As the name suggests, passive investing entails a non-active role on part of the investor. When you invest in a diversified portfolio with low costs and a long-term horizon, it tends to deliver returns comparable to the market average. Passive investing works on the premise that the market delivers positive returns in the long term and hence the portfolio has to be held without substantial changes for a long tenure.
One can apply passive investment strategies in a variety of ways, but indexing is the simplest of the lot. Indexing means mirroring an index, which automatically diversifies the investment across sectors and companies. Indexing has its advantages and drawbacks. Passively investing thorough indexing is simple, transparent, tax-efficient and cost-effective.
Since indexing requires a long-term commitment and the deployment of the corpus is benchmarked to the index, the portfolio remains unchanged for the entire tenure of the investment. It reduces the cost of the investment as there is no buying and selling of securities. It is also transparent as the investor knows the composition of the underlying assets, which also makes monitoring easy. A passive investment strategy is relatively easier to implement as it doesn’t require portfolio modifications according to market movement.
While passive investing can be rewarding, it is not without flaws. One of the primary drawbacks is the limited scope of the investment. A passive investment portfolio remains limited to certain indexes or a limited type of assets, without any major changes. It invariably leads to the investor getting locked in the investment even during adverse market conditions.

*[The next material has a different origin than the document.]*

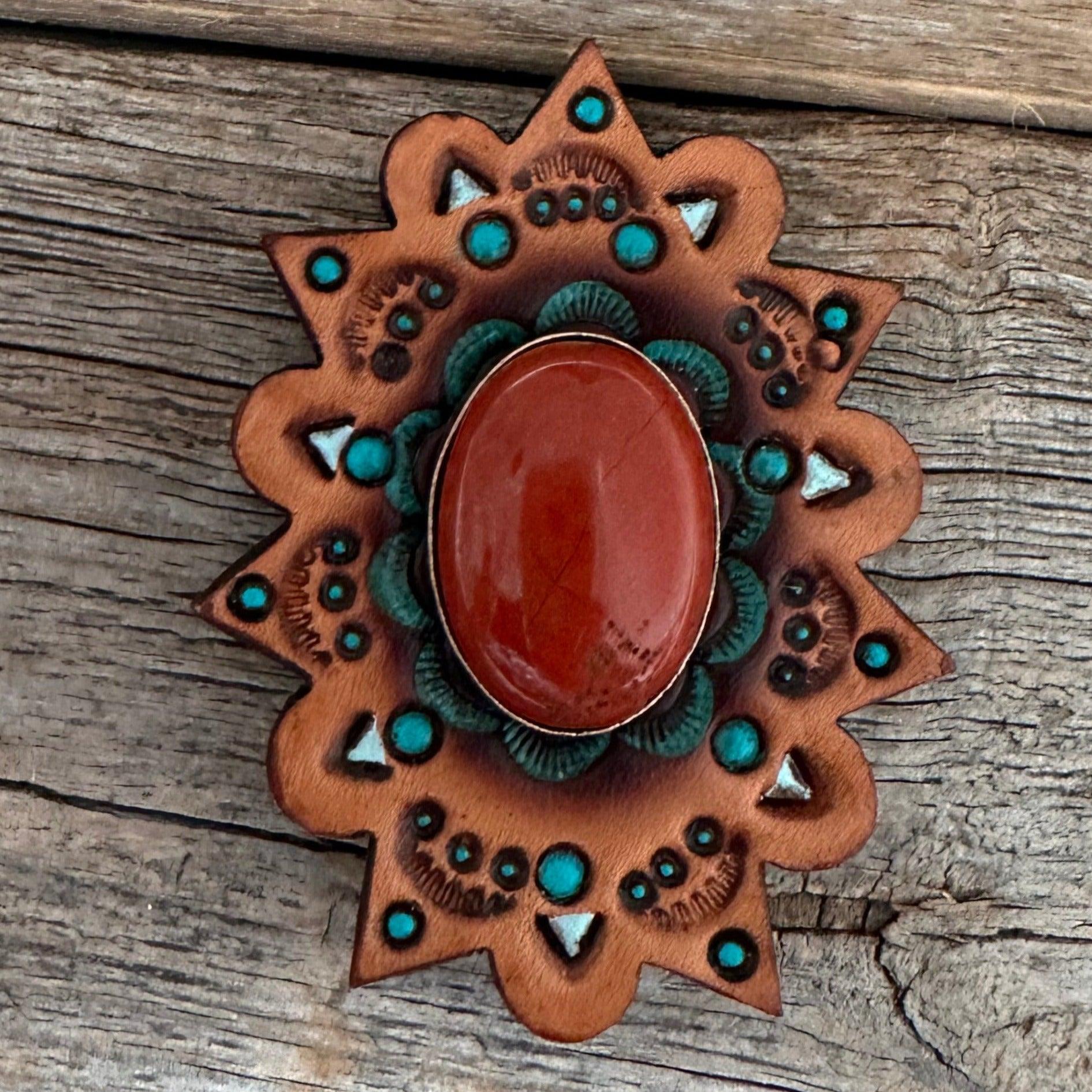 Leather Rosette Starburst - Rust Cabochon Western Concho R110CABRU - RODEO DRIVE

Passive funds also offer lower potential returns, especially when the investment horizon is not very long.
Active vs passive investment
To understand the difference in the performance of active investment and passive investment, one has to know the key differences. Active investments are substantially more flexible when compared to a passive portfolio. An active fund manager doesn’t have to follow an index and can modify the portfolio depending on his/her reading of the market. Passive funds stick to a limited number of assets, which eliminates the need to buy or sell frequently and thus reduces the cost of the fund. Active fund managers keep changing the assets under management, but a passive investment portfolio remains unchanged. Even though passive investments offer lower potential returns, it also has a lower risk. Active funds dabble in a variety of assets, which could be risky if the investment premise doesn’t work.

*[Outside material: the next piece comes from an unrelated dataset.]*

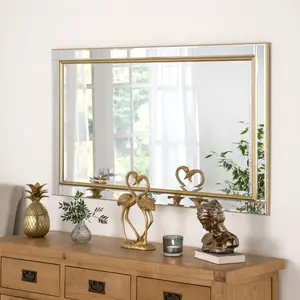 Abbate Rectangle Wall Mirror Gold / 136cm H x 106.5cm W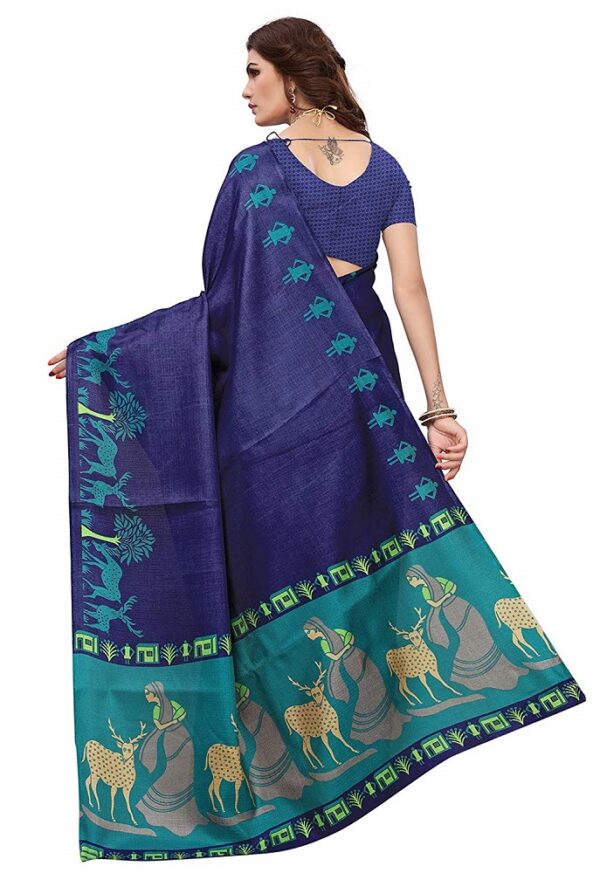 Navy Blue Printed Poly Silk Saree -2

Passive investing in Bond ETFs
Just like an equity exchange-traded fund, a bond ETF can be used for passive investment. Equity ETFs track indices like NIFTY 50 or Sensex, while bond ETFs mirror the performance of debt instruments like government, corporate are PSU bonds. Bond ETFs are simple, transparent and low-cost products, which make them an excellent passive investment option. They offer adequate liquidity as the units are traded on the stock exchange. Bond ETFs are benchmarked to the performance of the underlying debt instruments which brings a sense of stability to the returns without much active management.